▶ **TASK PROMPT**: Reproduce word for word the lines between those holding "6m brand new carter's snowsuit item 253G1" and "Colosseo B&B Рим Екстериор снимка", inclusive, and nothing else from the data below.

RECORD EXCERPTS: Begin

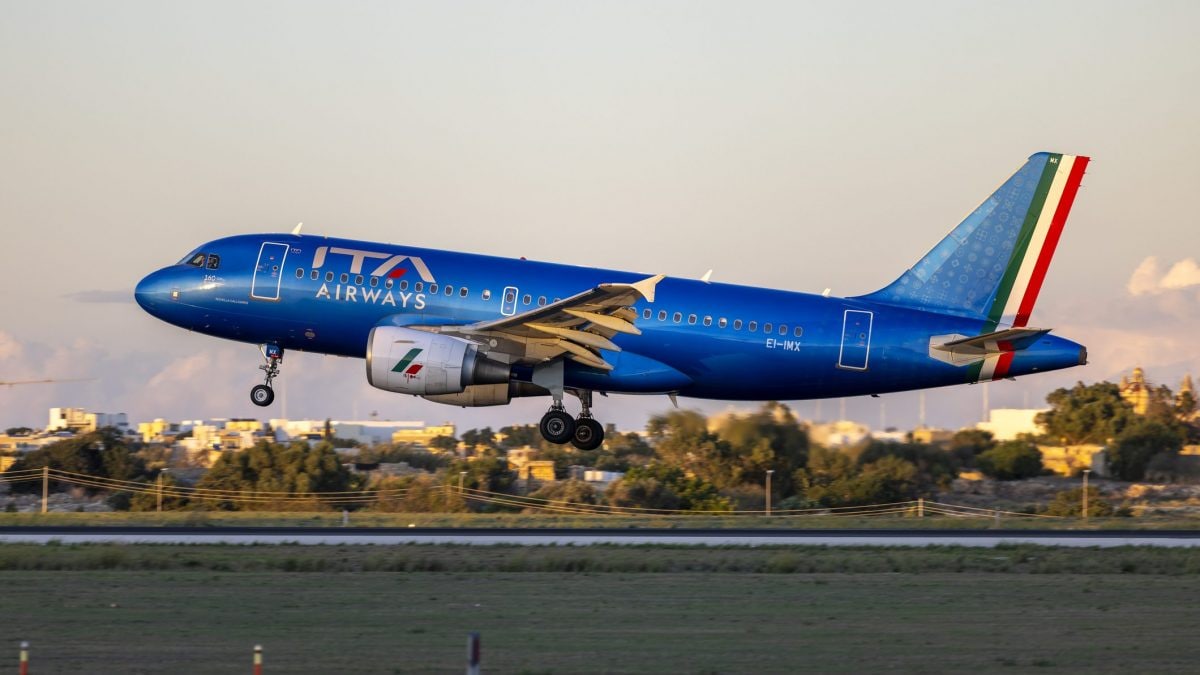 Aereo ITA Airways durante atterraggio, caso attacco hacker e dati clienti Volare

RECORD EXCERPTS: End
RECORD EXCERPTS: Begin

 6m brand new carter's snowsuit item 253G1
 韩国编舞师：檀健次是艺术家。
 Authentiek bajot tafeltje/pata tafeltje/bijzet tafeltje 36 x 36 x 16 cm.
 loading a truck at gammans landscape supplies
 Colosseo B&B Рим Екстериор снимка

RECORD EXCERPTS: End

▶ **SOLUTION TO THIS PROBLEM**:
 6m brand new carter's snowsuit item 253G1
 韩国编舞师：檀健次是艺术家。
 Authentiek bajot tafeltje/pata tafeltje/bijzet tafeltje 36 x 36 x 16 cm.
 loading a truck at gammans landscape supplies
 Colosseo B&B Рим Екстериор снимка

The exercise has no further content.